The Inspector of the Palace was named Henry Saunders, and he gave in his resignation in March, 1844, because of “extraordinary interference with him in the performance of his duties by members of the Household unconnected with the Lord Chamberlain’s department”; but Lord de la Warr persuaded him to remain until the Prince Consort, who was visiting his home, returned from Germany. Saunders was believed by Anson to have given information of Palace doings to the Press, as many things had been made public, particularly about the wholesale discharge of servants in Saunders’s department, as well as other matters which had formed subjects of private inquiry.
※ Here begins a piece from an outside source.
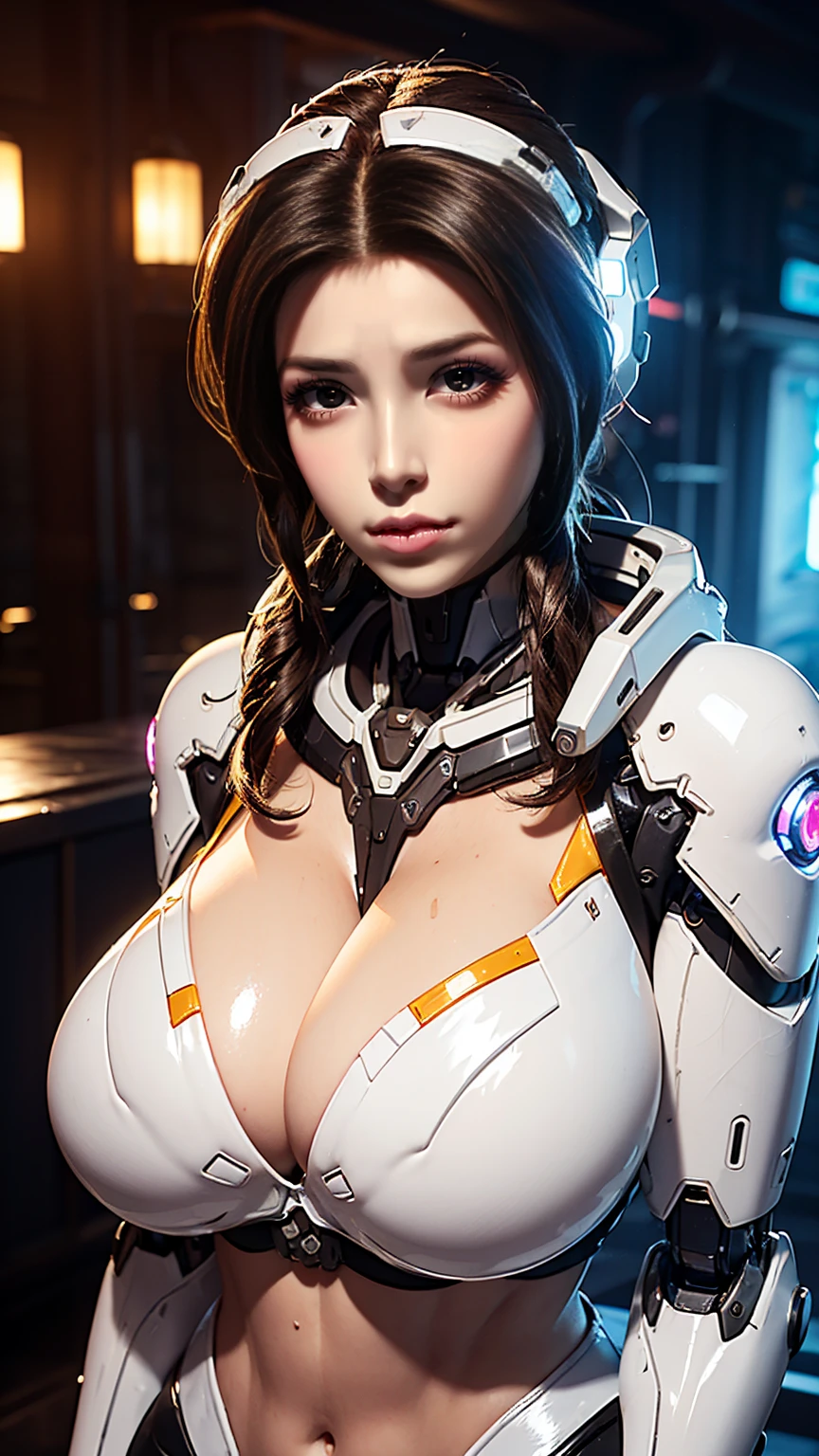 Solo, Stand Up Straight, Physically-based Rendering, Unreal Engine 5 Render, Jealous, bokeh, (look Half Body:1.5), ((full oiled bodyskin:1.5)), ((cleavage top, Gigantic Breasts:1.5)), (expose muscle Abs:1.4), (big Hips:1.3), ((beautiful Cyborg Woman, Red Mecha Musume Girl, Futuristic Cyber Crop top armor, White Mecha Body Girl from OVERWATCH 2, Guard Arms, Gloves:1.5)), (close Up Upper Body), (pale Skin, Body Oiled, (clean Glossy Bodyskin:1.4), (background Futuristic Space Station:1), (photorealsitic:1.4), (ultra-detailliert), (top-quality), (best Shadows), Bright Light In Room, Hyper Texture, (4x Msaa), ((unreal Engine 5 Render)), (neon), Physically-based Rendering, Ultra Hight Definition, 16k, 1080p, Beauty Model, 4k Resolution.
He was pensioned at the end of 1845 on £500 a year. After that different Inspectors were appointed for each Palace, to superintend the care of the furniture and to make arrangements for the reception of the Court and of Her Majesty’s visitors.
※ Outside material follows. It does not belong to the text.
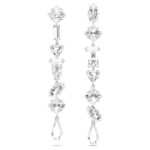 Swarovski øredobber Mesmera Asymmetrical design, Mixed cuts, Long, White, Rhodium plated - 5661687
There was naturally a tremendous jealousy of the many German servants introduced by the Prince, and in 1848 it was pointed out by a newspaper that Richard the Second’s Chamberlain was impeached for introducing aliens into the King’s Household; the writer advocated a similar proceeding, though he added a belief that the Lord Chamberlain was not really responsible for the numerous appointments of foreigners.
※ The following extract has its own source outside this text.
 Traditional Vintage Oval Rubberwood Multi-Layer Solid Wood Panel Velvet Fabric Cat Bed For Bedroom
Among these foreigners was a man named Heller, who came to England with the Prince as courier, and who was appointed by the Prince in 1842 to be Page of the Chambers, the impression being that among his other duties he was to be the “overlooker” of the other pages. These others, being English, bitterly resented this, and there were frequent rows between Heller and the other men. Once a page named Kinnaird was so enraged that, in spite of Albert’s presence, he threatened to throw Heller over the banisters, telling the Prince that he “would not be insulted by a foreigner.”
Another change made, and a very sensible one, was the abolition of fees for seeing the interior of Windsor Castle. Lady Mary Fox, a daughter of William IV. and wife of Major-General Fox, Surveyor-General of the Ordnance, was the State Housekeeper, receiving a residence in the Norman Tower, a salary of £320 a year, and all the fees from the visitors, amounting from £1,200 to £1,500 a year. This post she held until the end of 1845, when she was duly compensated for relinquishing it.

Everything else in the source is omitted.